- Directed by: Ayoka Chenzira
- Written by: Ayoka Chenzira
- Produced by: Ayoka Chenzira Howard Brickner Charles Lane
- Starring: Kim Weston-Moran Victoria Gabrielle Platt Mizan Kirby
- Cinematography: Ronald K. Gray
- Edited by: Lillian Benson
- Music by: Jean-Paul Bourelly
- Release date: June 23, 1994;
- Running time: 85 minutes
- Country: United States
- Language: English

= Alma's Rainbow =

1994 film by Ayoka Chenzira

Alma's Rainbow is an American coming-of-age film directed by Ayoka Chenzira originally released in 1994. A restoration of the film, presented by Julie Dash, was released to theaters and streaming in 2022. The film received positive reviews from critics and was included in Slates 2023 list of the 75 greatest movies by Black directors.

==Plot==
Rainbow Gold is a tomboyish Brooklyn teenager who lives with her single mother, Alma, who runs an in-house salon from their brownstone apartment.

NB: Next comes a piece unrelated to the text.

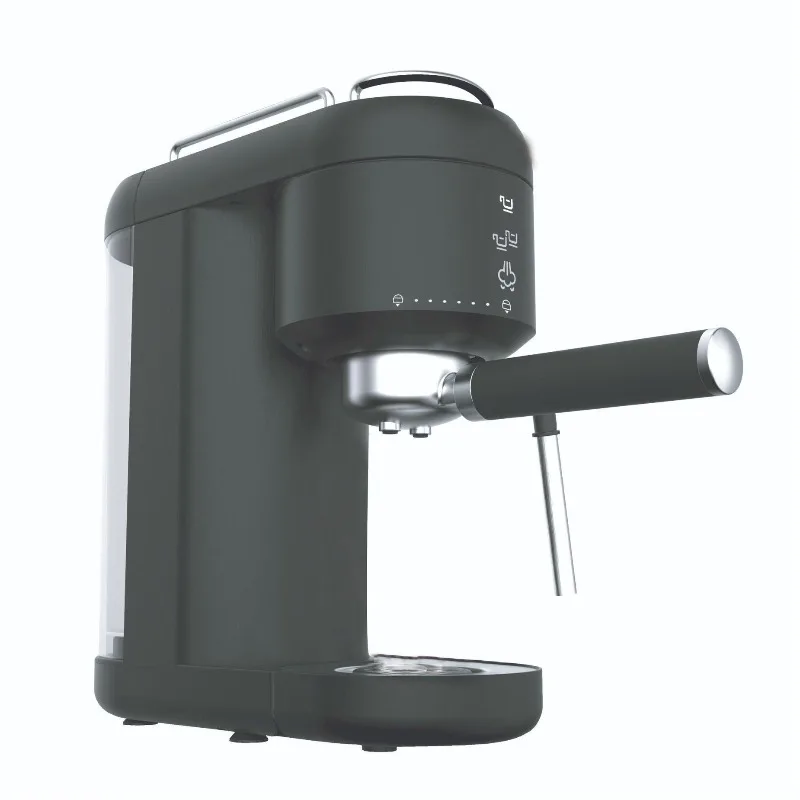 

Coffee machine, espresso machine, video full semi-automatic household milk frother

After school, Rainbow practices her dance moves with her friends, Pepper and Sea Breeze, to land an audition. Later that day, Alma hosts a tenth anniversary party of her salon, inviting her clients including her boyfriend Blue. At the party, Alma's sister and Rainbow's aunt Ruby arrives, who fancies herself as a Josephine Baker-type nightclub singer, from a ten-year absence. Rainbow learns about her aunt's entertainment career, and forges a deeper connection towards her in which she aspires to be like her. When Rainbow's dance partners fail to show for practice, she quits.

Rainbow's grades decline, which angers her mother. Alma confronts her sister for planting dreams of a show business career into Rainbow. It is then revealed that Alma and Ruby had been a singing duo known as the Fabulous Flamingo Sisters. Alma had quit the group to run the salon while Ruby took their earnings to begin anew in Paris. Before long, Ruby arranges a one-woman concert, inviting Rainbow and Alma. Later that night, Ruby wakes her niece from her sleep and critiques her entrance for the audition. The next morning, Rainbow styles herself after her aunt, only to discover that Ruby has left without telling her.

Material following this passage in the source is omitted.